The software that Judge Pym’s order requires Apple to design would allow the FBI to enter attempted passwords quickly without Farook’s iPhone deleting its contents upon entry of successive incorrect passwords. These features mechanically tell the iPhone, without human intervention, to allow the insertion of new passwords. The computer code the court is asking Apple to design is therefore not speech, but designed as mechanical instructions to a computer.
As a result, Apple’s claim that the court’s order discriminates on the basis of Apple’s viewpoint makes little First Amendment sense. Essentially, Apple’s argument is that because computer code is expression, the FBI is forcing Apple to create code expressing a viewpoint to which it is opposed: that phone data should not be encrypted beyond government reach.
This is a smart argument, but somewhat absurd. Perhaps Apple’s pro-privacy message is manifest in the nonspeech elements of Apple’s computer code, but so too is that message inherent in key or safe manufacturing, which is regulable conduct. At best, the FBI is targeting Apple’s expressive conduct, and has a reason for doing so that is unrelated to the content of Apple’s speech. The FBI has no motive to, “regulate speech that favors some viewpoints or ideas at the expense of others.” The FBI, in this case, simply wants to access Farook’s phone, not to tamper with the content of the code because it expresses a pro-privacy viewpoint.
Of course, it is true that the FBI disagrees with Apple’s view that the government shouldn’t be able to force the unlocking of Farook’s phone. Apple’s argument, taken to its logical conclusion, would mean that if Congress forced companies to store users’ decrypted iPhone data in the event that the FBI obtains a valid search warrant for someone’s data, this legislation would also be impermissible viewpoint discrimination of speech. This runs counter to Apple’s All Writs Act argument.
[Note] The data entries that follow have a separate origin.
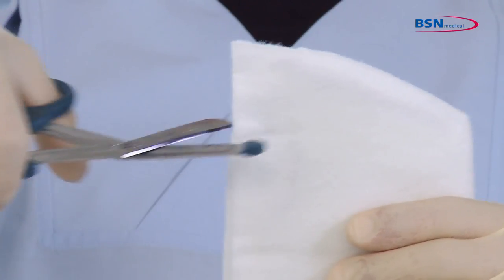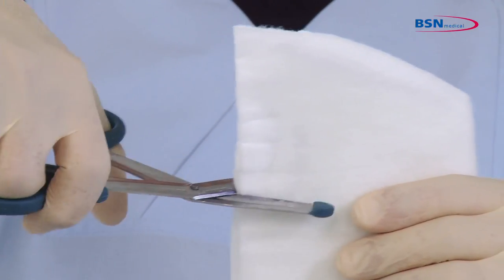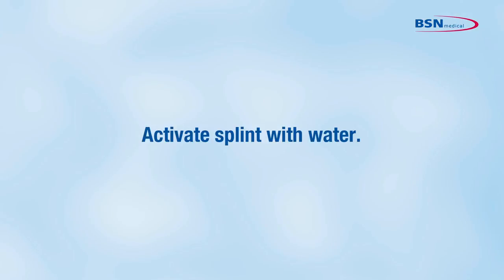If you cut a space for the thumb into the substrate, place some small cuts in the padding as well. Then activate the splint with water.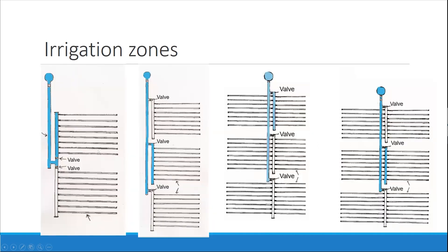Here are some other options. You could have a main line, sub mains, and shut-offs for three fields. You want to think about how much you can irrigate at one time and be able to shut off zones so you can focus pressure on one field at a time.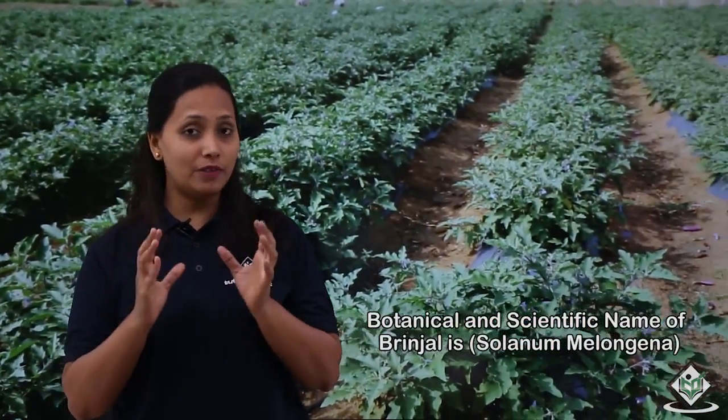Hi, welcome to Tutorials Point. In this tutorial we will talk about the cultivation process of brinjal crop. Brinjal has different names in different languages. In Hindi it is called Bengen. The botanical or scientific name of brinjal is Solanum melongena and it belongs to the family Solanaceae.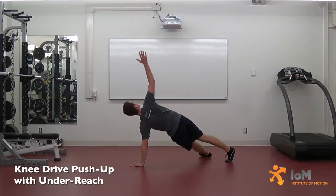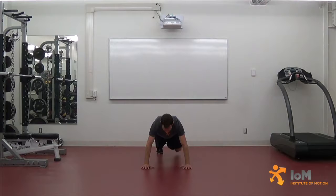Knee Drive Push-Up with Under Reach. Assume a prone position with the hands directly under the shoulders, the legs in soft extension, and the feet at shoulder width with the left leg elevated.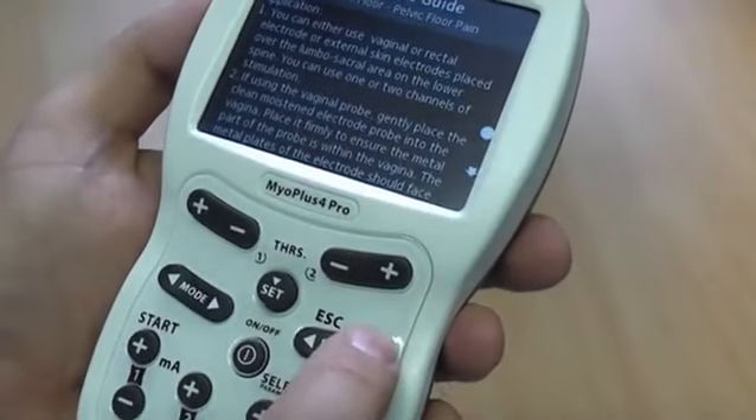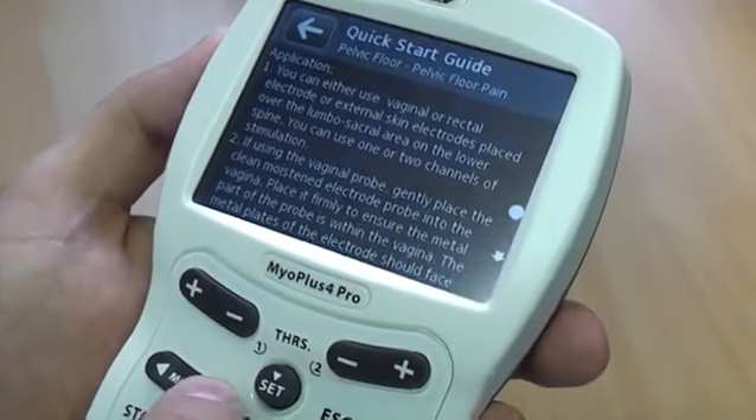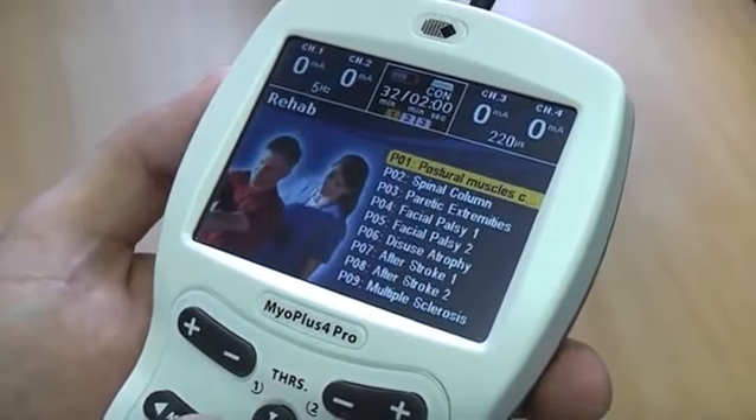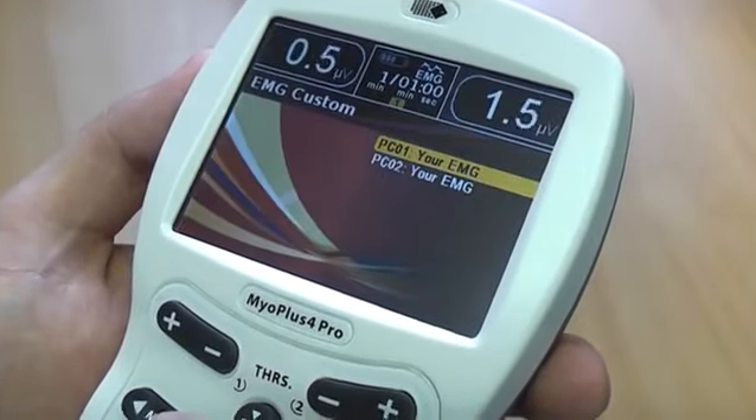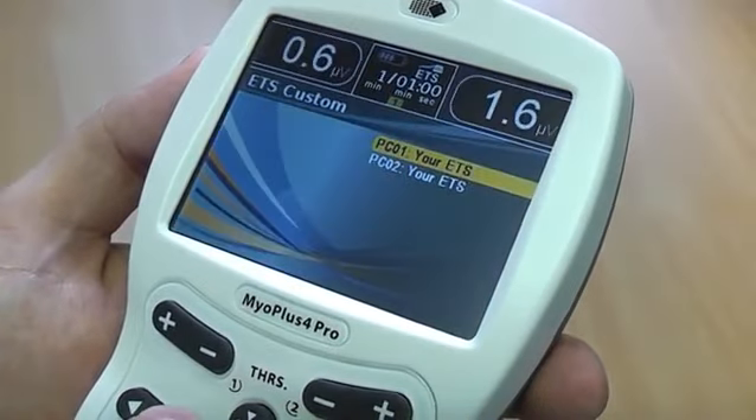The programs are categorised in groups called clinical modes. Press the mode button to navigate among the clinical modes. The modes are Incontinence, Rehab, and some other custom modes where you can set up your own treatment.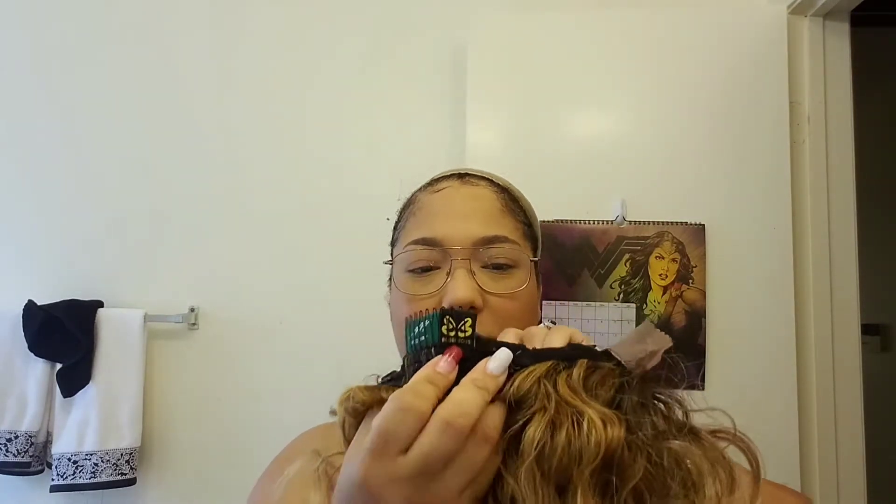I love the four. She has two combs in the front, a comb in the back, and adjustable straps. Bobbi Boss is usually big head friendly but this one doesn't feel like it, so I'm going to undo the adjustable straps.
Apple notes that Congress, and not the courts, should be determining whether information service provides need to keep decrypted copies of users’ data.
Finally, to the extent that Apple’s compelled speech argument turns on the fact that the district court ordered that “[t]he code must contain a unique identifier so that [it] would only load and execute on the SUBJECT DEVICE, and it must be signed cryptographically by Apple using its own proprietary encryption methods,” (p. 32, internal citations omitted), this argument also conflicts with its position under the All Writs Act. The reason the FBI wants these features is so that other hackers cannot use the software Apple creates to access other individuals’ phones. The phone-specific and Apple-specific identifiers mean that Apple is placing the privacy and security of its customers in less jeopardy.
I believe it is fair to classify Apple as a defender of important privacy and security interests in this case. Apple, however, is not serving First Amendment interests well. Apple’s short First Amendment argument lends support to the (I think incorrect) view that the First Amendment is now being used as an all-purpose deregulatory tool.